Rhodes touched on how fashion became part of her from a young girl as she loved drawing and painting. At the Royal college of Art she became a textile designer. When she made her textiles and tried to sell them people didn’t want them. She was not a trained garment designer although her mother sewed. But stated that these days it was rare for this to happen now. Today there is no limit and much more flexibility as we do multi task and get into different variations of careers other than our majors. She said she found people who felt sorry for her and who could interpret her prints into clothes. Rhodes stated that Armani was a doctor and Issy Miyake was an engineer, this clairifies that what you actually major in doesn’t always necessarily relate to what you go into as a future career path. 

What inspires Zandra today – to meet people to meet younger people and see  how they feel. For make up, trends and different looks. To try something different and experiment more. She also stated that  Allezedine Alaia and his knits were amazing and she loved being around fellow peers and designers like him for inspiration 

Some of Zandra’s work is produced under license: handbags, bed linens, tights and socks. Jackets and kaftan tops for Jacques Vert, Ethical fashion for People Tree, prints for Westminster, and garments for Vogue McCall patterns. Rhodes’ latest collection is for Kraftangan of Kuala Lumpar and includes batiks and “songket” (brocade) teamed with dynamic printed chiffons.
Her innovative approach to garment construction can be seen in her use of printed fabric dictating garment shapes, reverse exposed seams and stylistic use of jeweled safety pins and tears during the punk era. She has stamped her identity on the international world of fashion with her spectacular pink hair, theatrical makeup and art jewelry.

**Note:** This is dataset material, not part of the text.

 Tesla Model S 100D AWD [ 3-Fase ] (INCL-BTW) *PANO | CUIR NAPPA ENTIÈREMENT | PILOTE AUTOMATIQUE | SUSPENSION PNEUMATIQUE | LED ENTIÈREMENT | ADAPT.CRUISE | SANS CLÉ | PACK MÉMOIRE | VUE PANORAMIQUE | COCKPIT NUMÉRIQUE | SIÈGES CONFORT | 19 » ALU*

Princess Diana in a garment inspired by Egypt

Zandra has designed for Diana Ross, Pat Cleveland, Princess Diana, Princess Michael, Freddy Mercury, Diana Ross, Helen Mirren, and Ellen Burstein’s outfit for her Emmy Award. Rhodes has also designed Opera sets and costumes for The Pearl Fishers, Magic Flute and Aida. She has also designed for Carrie Bradshaw cementing herself as an iconic queen of fashion. In fact I can now definitely see where designers such as Betsey Johnson and Patrica Field have got inspiration from. Zandra has created a consumer segment of her own style and fashion and her style stamp is so evident and sets her apart from everyone else in the industry. She demonstrates how a clear love of art, textiles and prints transcends across all generations, demographics and cultures.